Painting by Violet Teagues

The Boy with the Palette is a 1911 oil on canvas painting by Australian artist Violet Teague. The painting depicts a boy, wearing a roll-neck sweater and knickerbockers, holding a palette.

==Exhibition==
The work was exhibited in the Victorian Artists Society in Melbourne in 1911 where a correspondent for The Age described it as "one of the most strikingly effective things in the exhibition."

The fine swing of the boy's slight, black-clothed form, its quality of tone against the white background, as also the treatment of the head, do much to compensate for a weakness in the proportions, and a falling off in the painting of the lower part of the picture
— The Age

After a further exhibition in Sydney, Teague sent the painting to Paris to be exhibited at the Old Salon in Paris in 1914, where it arrived too late to be admitted. The work was stored in Paris for the duration of World War I, finally exhibited in 1920. Teague's friend and fellow artist Rupert Bunny wrote to Teague from Paris, noting the work as "one of the best things there, and I am quite excited by it". The work was awarded a silver medal, erroneously made out to "Monsieur Teague", which the artist had corrected. Writing about the Old Salon exhibition, art historian Joan Kerr queried whether the judges erred because they preferred to "acknowledge excellence in a male rather than a female artist". The following year it was exhibited at the Royal Academy of Arts in London.

==Reaction==

The work reveals inspiration from Édouard Manet's The Fifer (1866), a painting of a young musician.

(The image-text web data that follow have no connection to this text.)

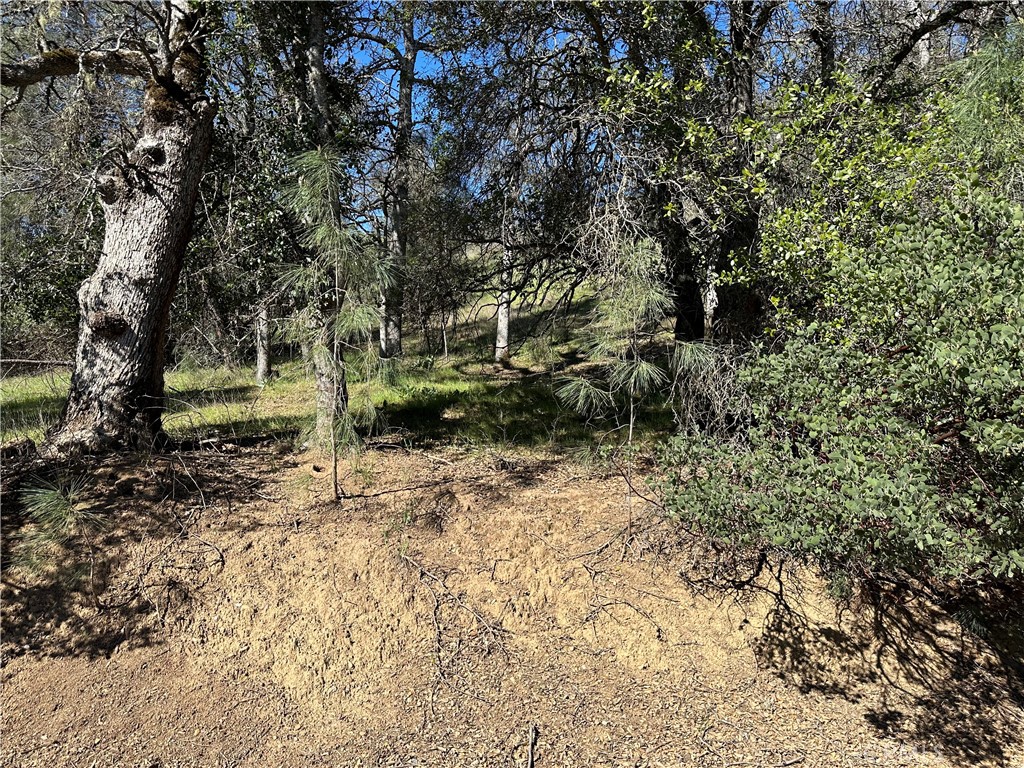 17509 Cache Creek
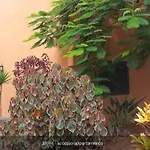 My Home In The Sun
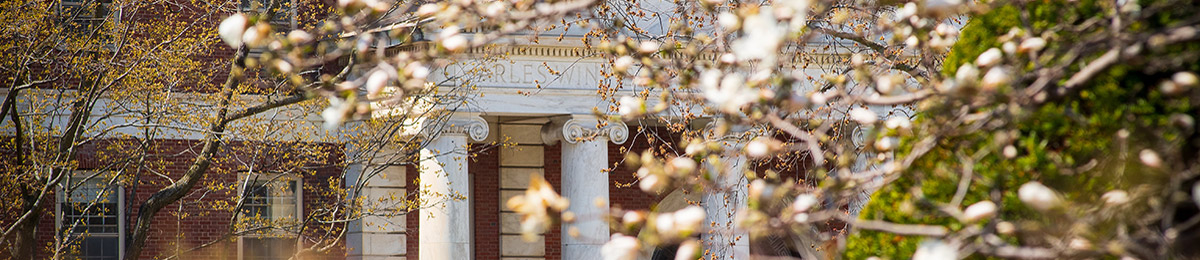 waterman building white flowering tree in foreground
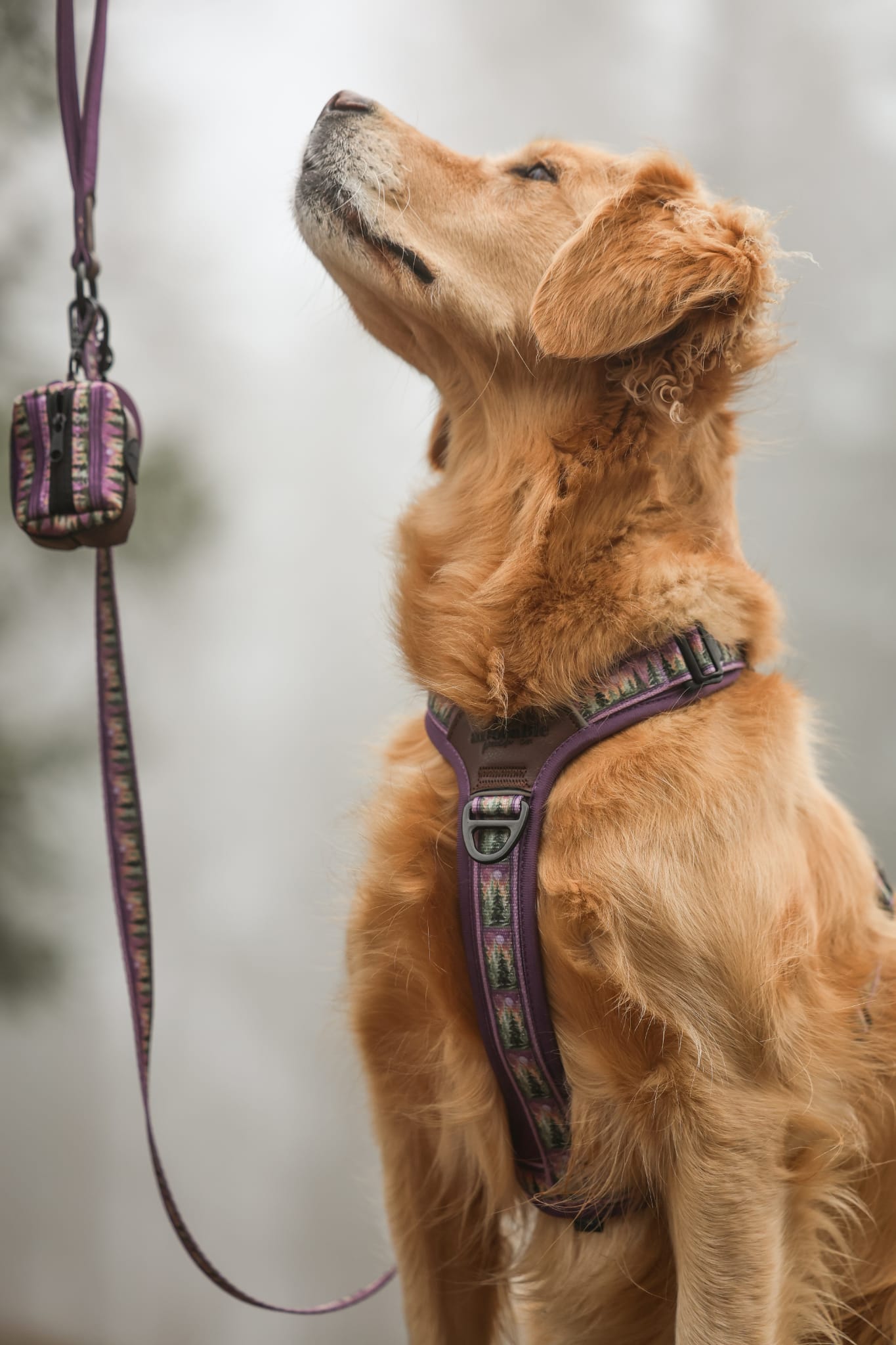 Dog Poop Bag Holder - Moonlit Pines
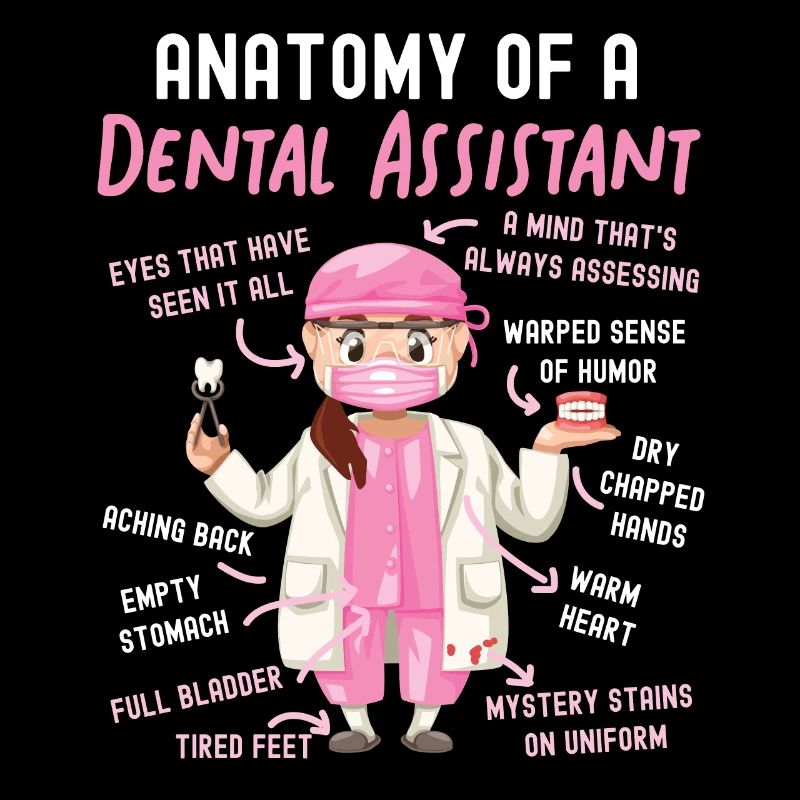 Assistant dentaire Anatomie Anatomie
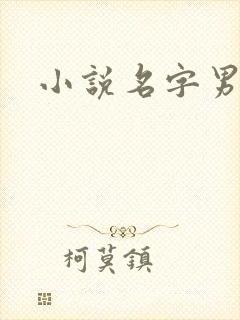 小说名字男生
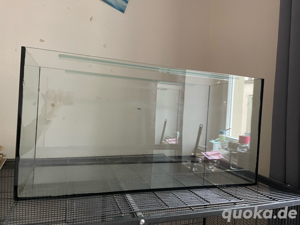 Terrarium für Kleintiere
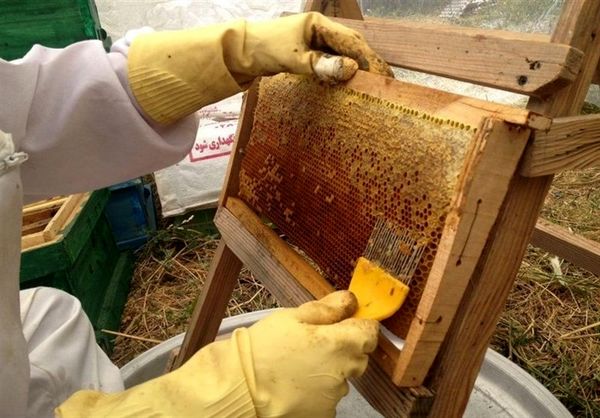 تولید بیش از 3 هزار و 160 تن عسل در استان بوشهر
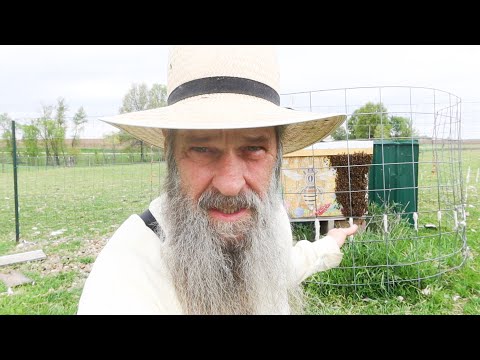 Biggest mistake new Beekeepers make!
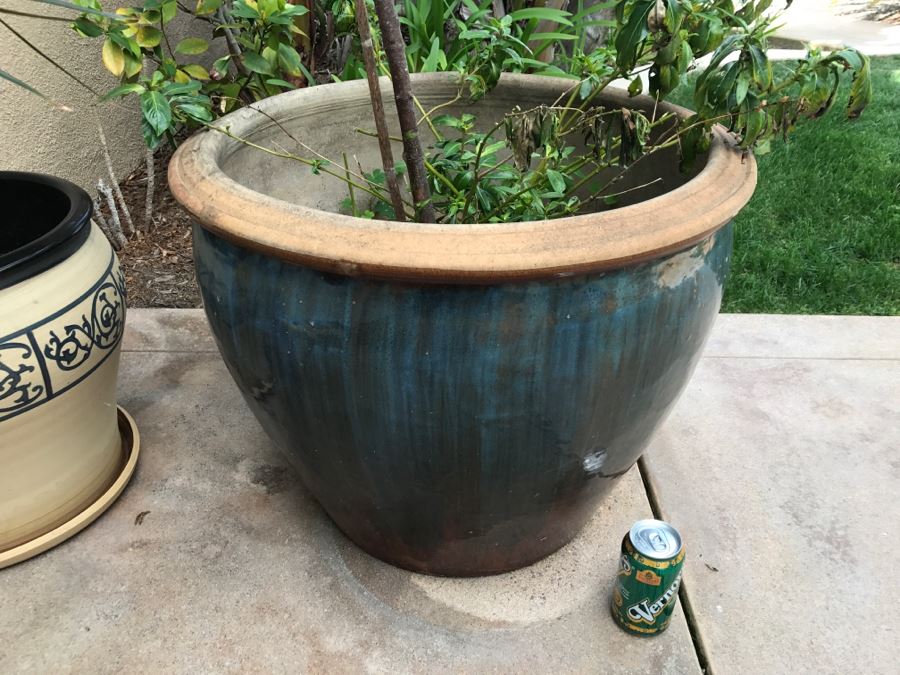 Set Of (2) Large Outdoor Potted Plants [Photo 4]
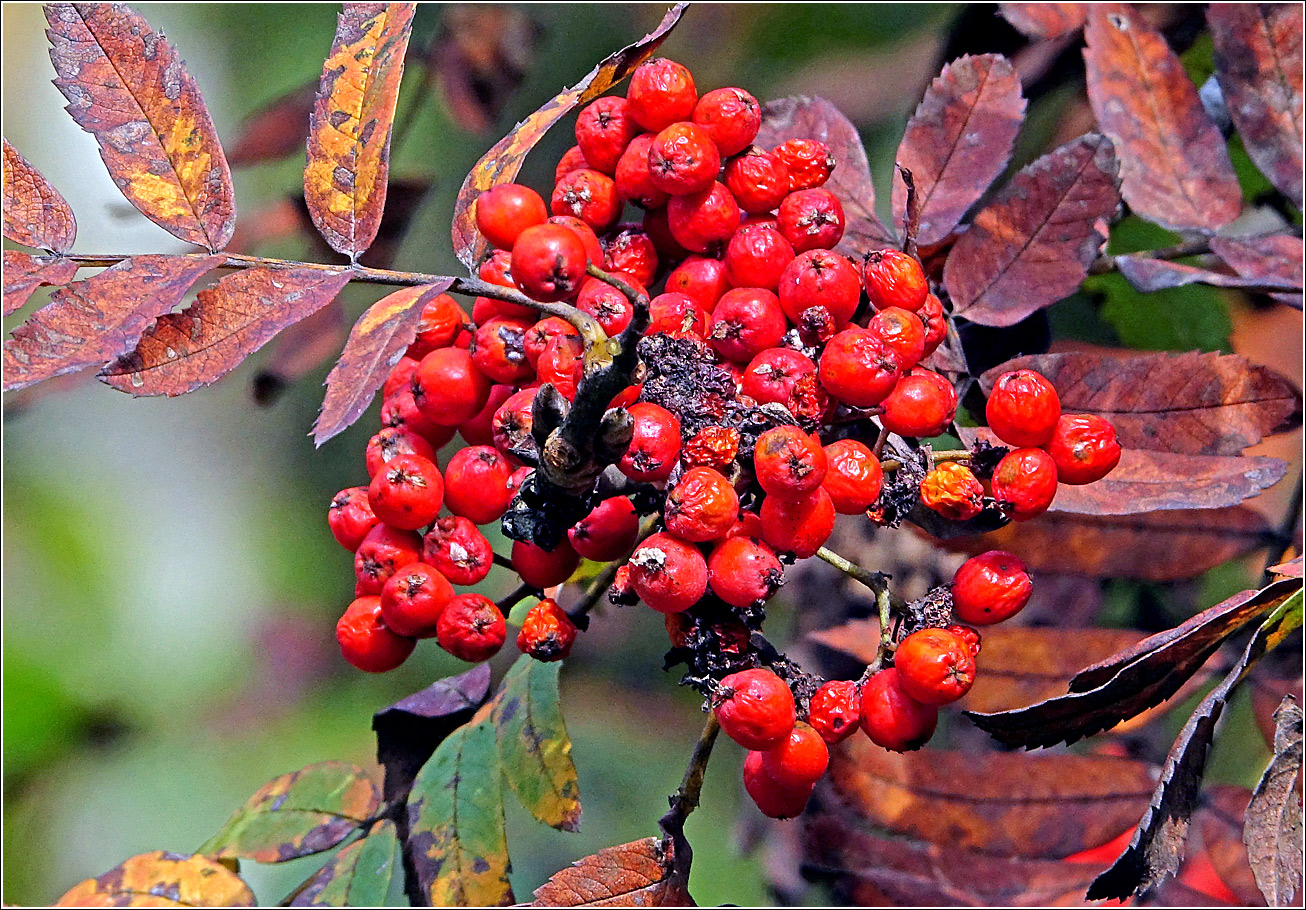 Image of Sorbus aucuparia specimen.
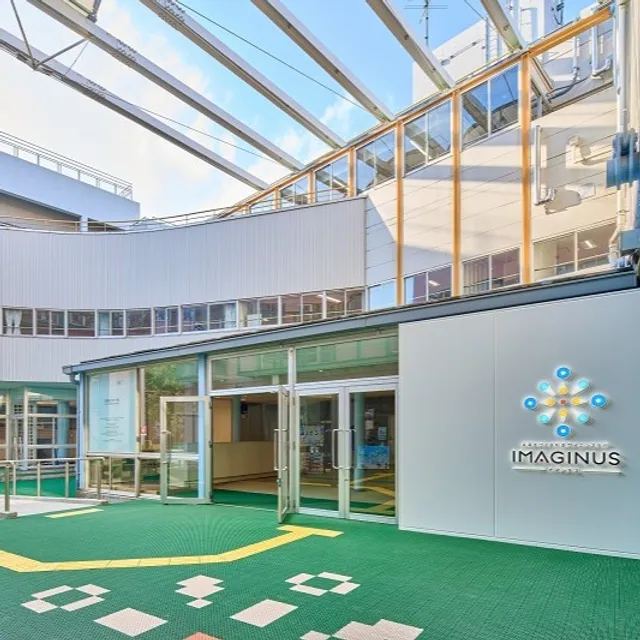 IMAGINUS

The gentle sway of his body animates the whole composition in a way few painters can achieve today; it ultimately recalls the pose characteristic of International Gothic sculptures
— Christopher Allen

==Subject==
The subject was Theo Scharf, a 12 year old artist and musician, who Teague was instructing in print making.

==Provenance==
The painting remained with Teague and her famility until 1976 when it was gifted to the National Gallery of Australia. It remains in its collection.